I'm sorry I'm a pain. I can't talk to anybody about this, especially my family because they just don't get that when treatment is over, the cancer isn't really over. Does that make sense?
I think about many of you during the day and wish you the very best outcome.
Diane

Phoebesnow
Posts: 447
Joined: Apr 2011

I also took the meds a year after the TREATMENT. Because like you, things began to build up. You have to take time for yourself. The meds will help you settle down. I stopped them after three months, they helped me get thru a rough spot. You are not alone.

sandysp's picture
sandysp
Posts: 743
Joined: May 2011

I have been completing all the tests required of me by Sloan Kettering and they are a lot of tests, trips into the city, etc. They are coming out great, but instead of just being grateful, I am also wanting a puppy! I have a mother in hospice in SC so it may be about her also. But I am in love with a little Havanese. We are working out the wherewithalls and I think it will happen, but yesterday, I thought it was off and I cried a lot. She hopefully will pass all the tests and be my companion as a hospice volunteer here in NY and I can show her to my mother also. They are supposed to be great therapy dogs. "There but for the grace of God". I was volunteering before I was diagnosed.

mp327's picture
mp327
Posts: 2849
Joined: Jan 2010

I can't speak for anyone else, but I am almost 4 years out of treatment and I continue to have times when I am really angry about having had cancer. I think it's normal to feel this way, as were robbed of a big chunk of time out of our lives during treatment and all the time since that we spend waiting for doctor's appts, scans and tests. Along with all of that goes the continuing thoughts of possible recurrence and day-to-day dealing with lingering side effects. Yes, I am very happy to be coming up on my 4-year post-treatment anniversary, but I refuse to use the term cancer-free, because it still has its grip on me emotionally. I don't think I'll ever be completely free of it. I also have an 87-year old mother who is in assisted living and dealing with dementia. Knowing that someday my own mother may not know who I am is quite depressing.

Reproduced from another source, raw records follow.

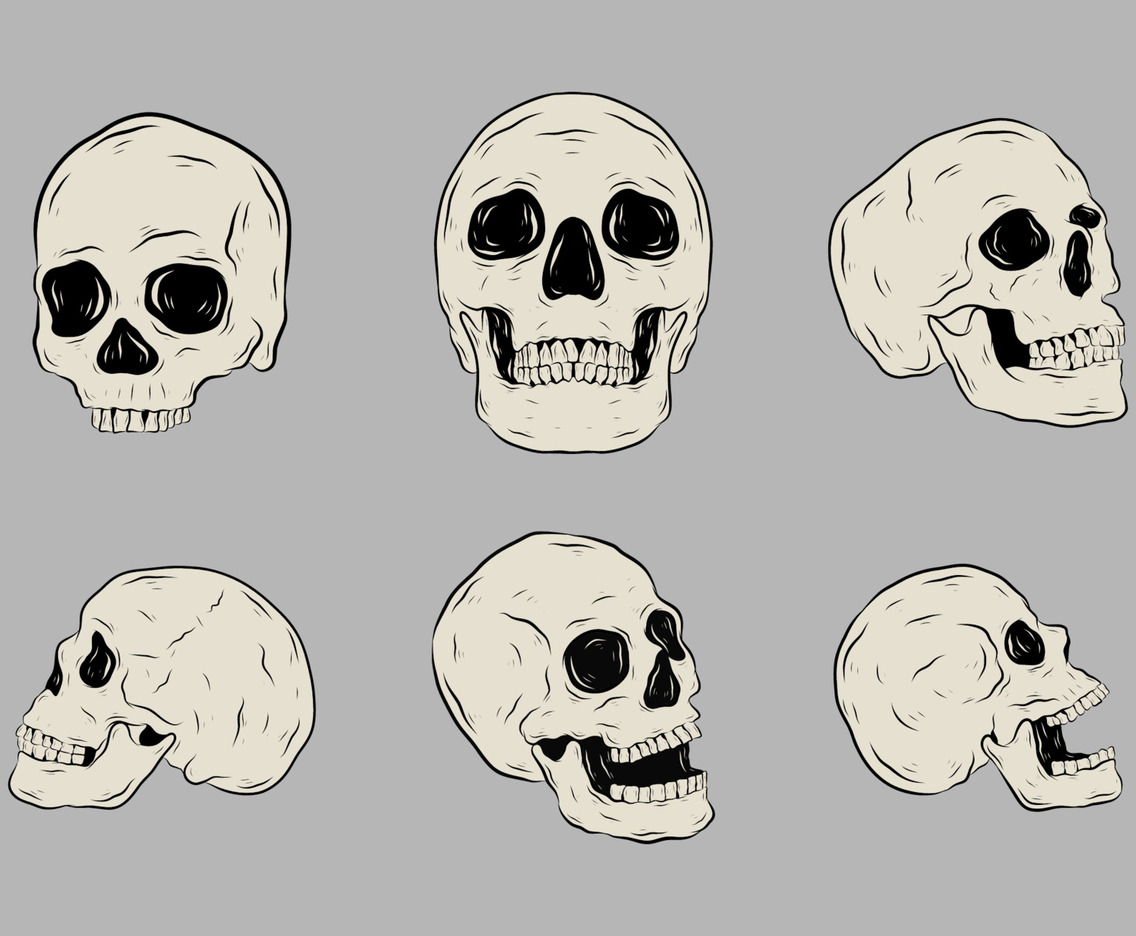 Realictic Skull Hand Drawn Element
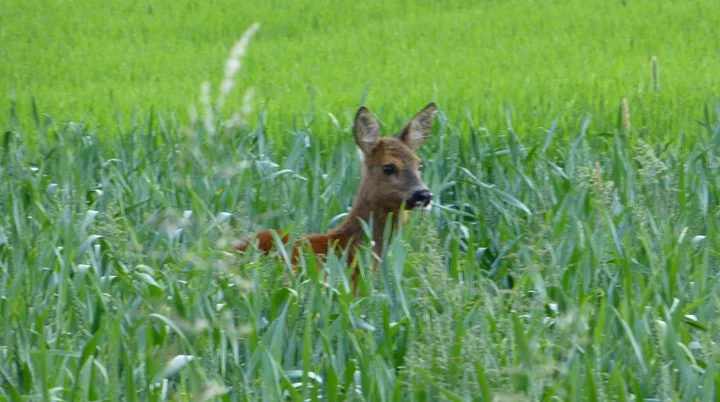 © DAV Sektion Hameln / Konrad Mäkeler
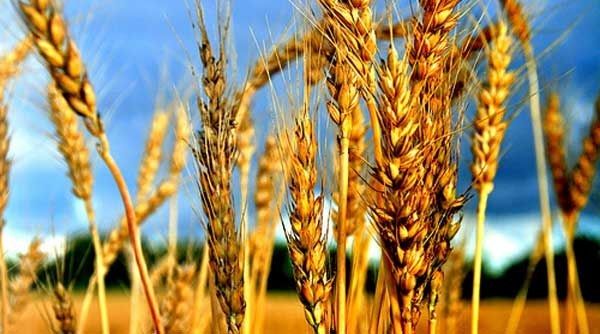 Экспорт зерна из Украины превысил 43 млн. тонн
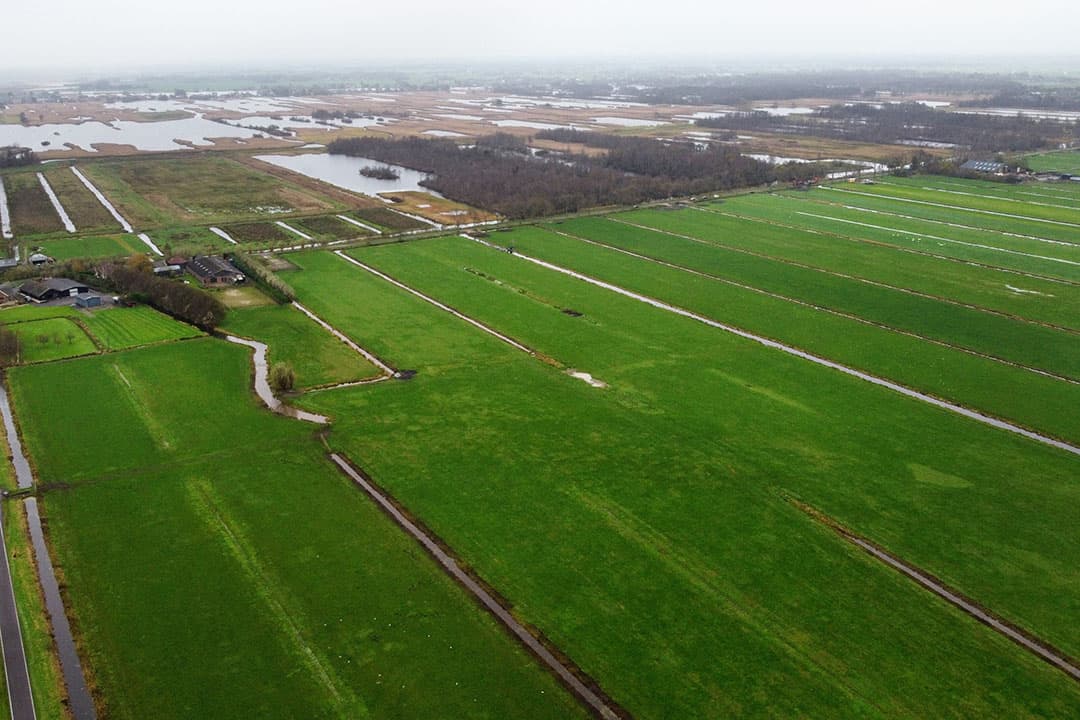 Foto: Herbert Wiggerman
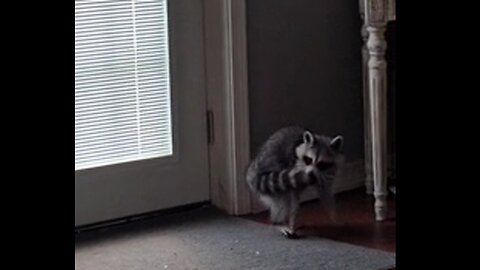 Pet Raccoon Chases Its Tail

Your treatment ended much more recently than mine did and I think you will need to give yourself some time. I am not angry and depressed 24/7, just sometimes when my thoughts go in the wrong direction. I don't know how I feel about taking the anti-depressants, but if you think they may help you, I say give them a try.

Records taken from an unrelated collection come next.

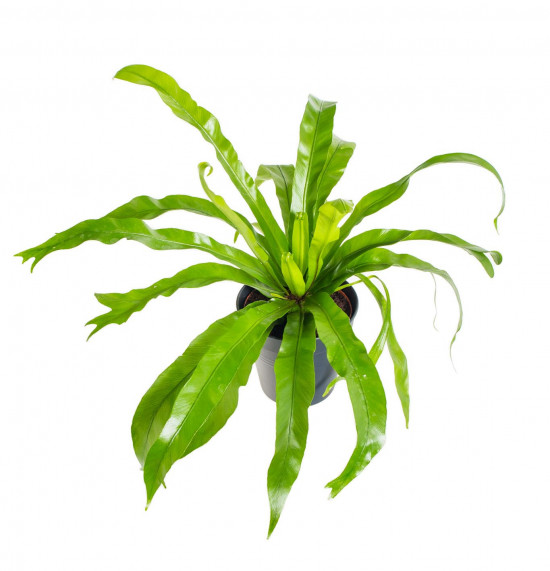 Sleziník, Asplenium antiquum, průměr květináče 12 cm-17477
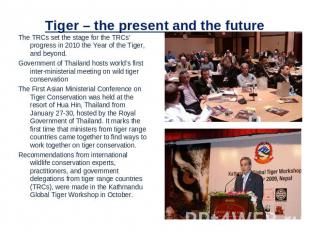 Tiger – the present and the future The TRCs set the stage for the TRCs’ progress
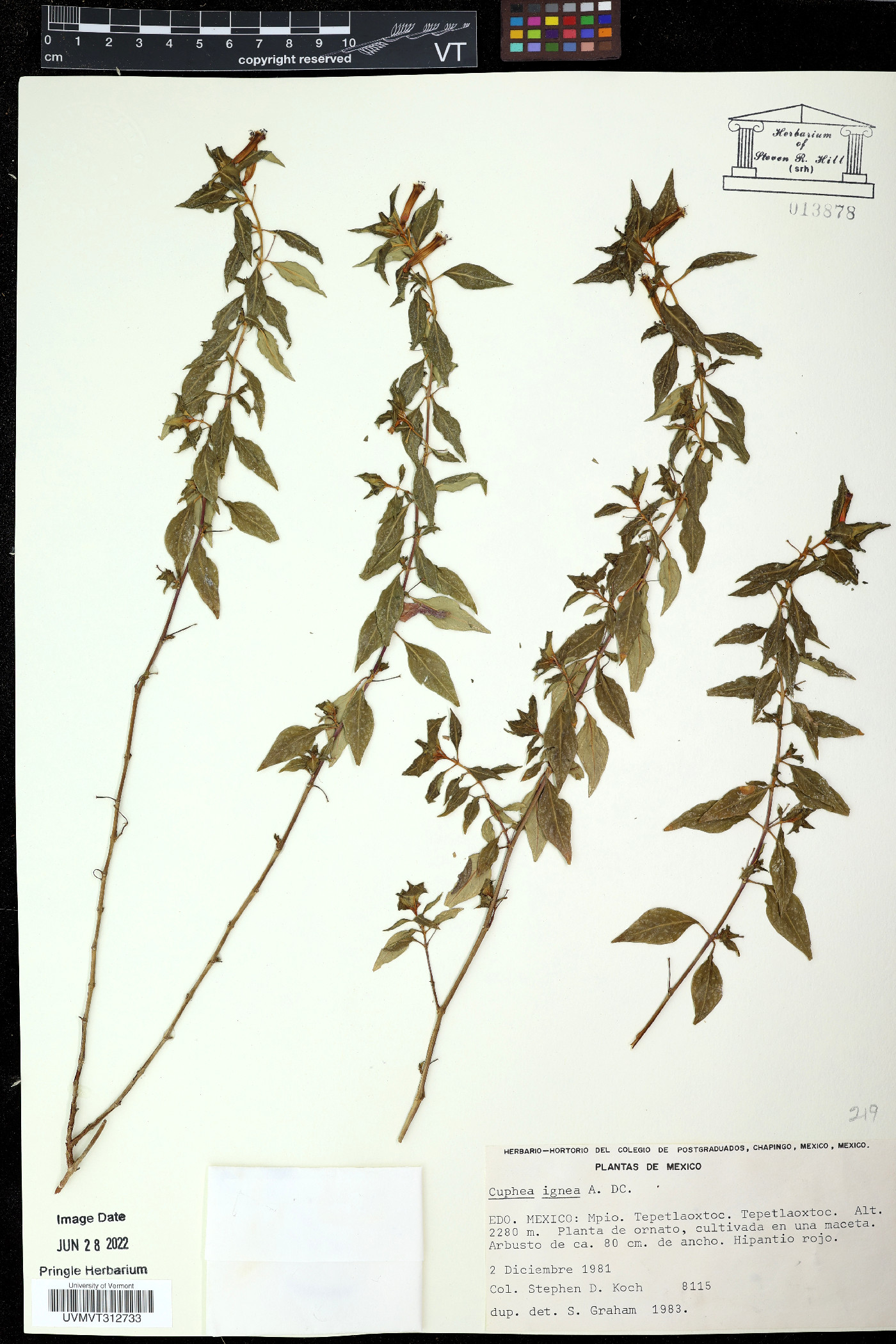 Cuphea racemosa image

I think you'll always find people who cannot understand that just because treatment is over, cancer is not over. It really takes going through it yourself to understand. Don't let those peoples' ignorance make things worse for you. I wish you all the best and am very happy that you are NED. May you always be.

torrance
Posts: 118
Joined: Jan 2012

Diane,

My PCP, not my oncologist told me that the majority of cancer patients suffer from some form of depression. It didn't mean you were necessarily sad, or angry or anything, it was that our systems become depressed due to the treatments and chemo and stress. Our body reaches a point that it can not normally deal with things the way we used to. Our bodies take longer to heal than we think. Anti-depressants can help you through this tough time. She also told me to expect to be on them for up to a year. As you know each of our journeys is different, I know they have helped me. One "strange" side effect has been that I am on creative overdrive which helps with mood for sure. I have been having fun giving away my creations, even gave one to the barista at the Starbucks drive thru, just because she saw it on the seat next to me and liked it. So nice to put some fun and giving back into my days. I lost my Mom eight months ago due to an instantaneous onset of non-treatable leukemia. Less then one month from onset to her passing. My thoughts are with you all as you struggle through this period.

Much Love,
Joanne

RoseC's picture
RoseC
Posts: 502
Joined: Jun 2011

After I got back to work from treatment (and a long hospital stay due to a rare side effect) I was kind of euphoric. It lasted quite a long time, about 2 years or so. But I had time to digest what had happened and deal with it as best I could - with a lot of support. Now most days are great, some not so great.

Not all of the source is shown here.